- Problem to solve: Leave out the pictures, and print exactly the lines from the one holding "Grote zware aap" through the last line of the material.

- Dataset section:
******************************
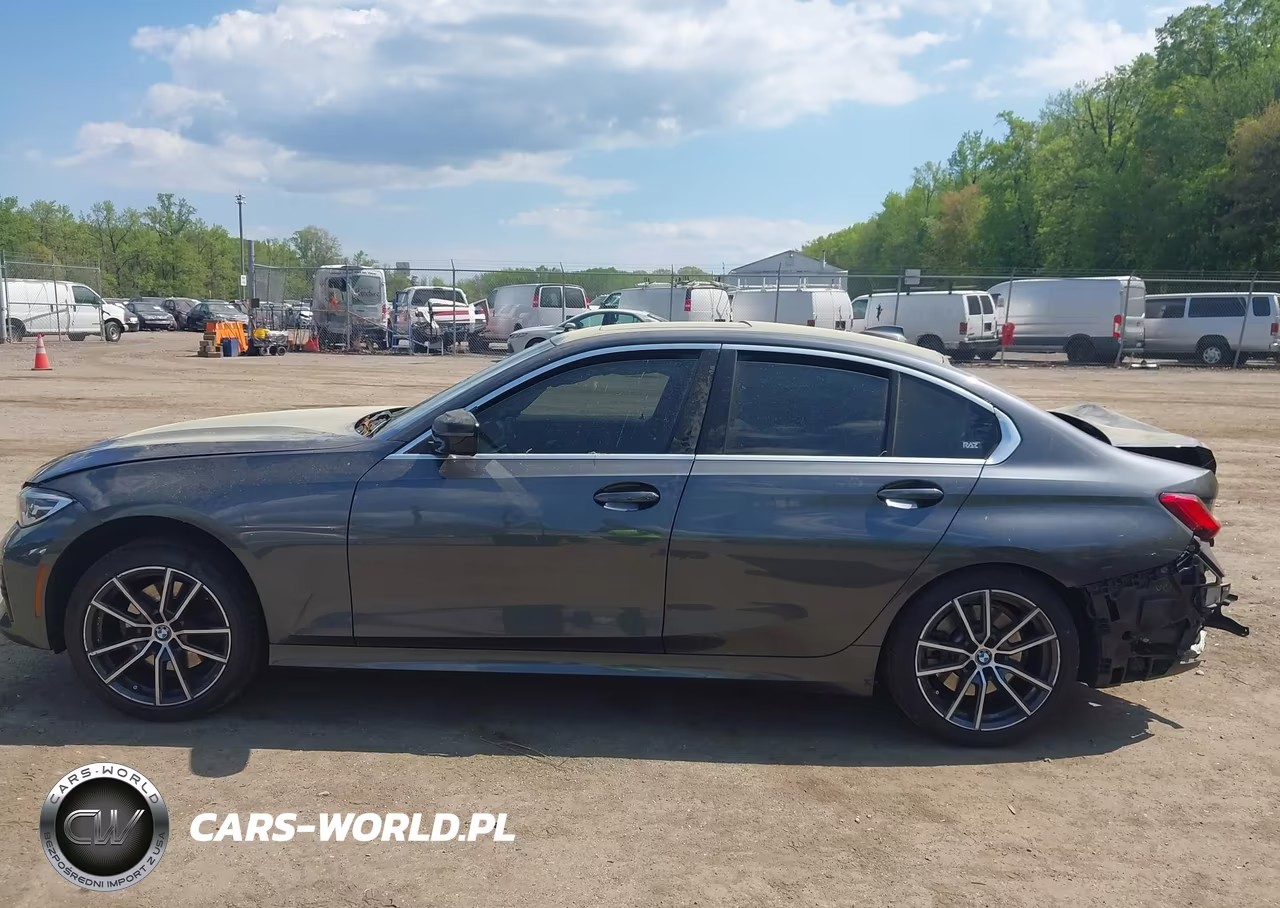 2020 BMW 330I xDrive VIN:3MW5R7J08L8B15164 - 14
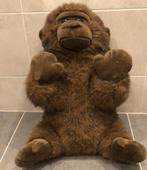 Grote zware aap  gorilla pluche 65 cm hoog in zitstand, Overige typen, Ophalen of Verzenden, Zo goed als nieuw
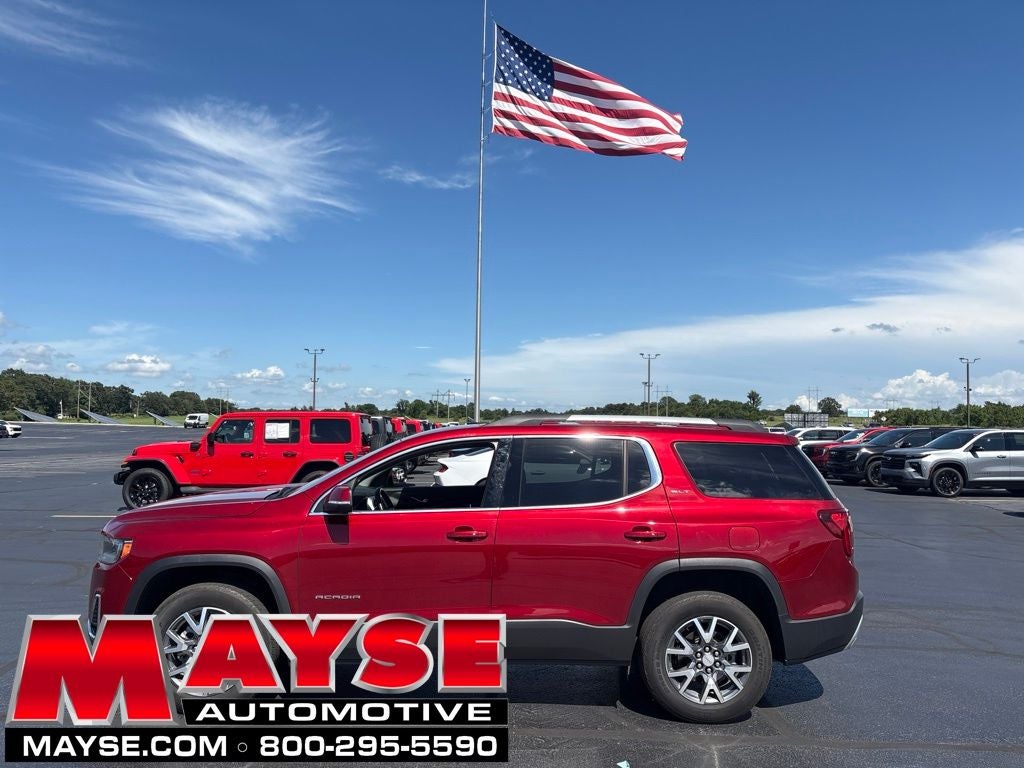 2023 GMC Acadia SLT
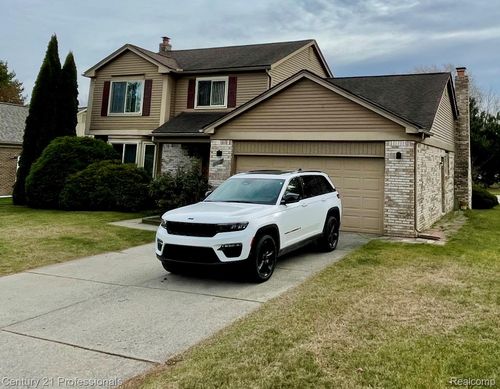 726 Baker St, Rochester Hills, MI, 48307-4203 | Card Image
******************************
- Task response:
 Grote zware aap  gorilla pluche 65 cm hoog in zitstand, Overige typen, Ophalen of Verzenden, Zo goed als nieuw
 2023 GMC Acadia SLT
 726 Baker St, Rochester Hills, MI, 48307-4203 | Card Image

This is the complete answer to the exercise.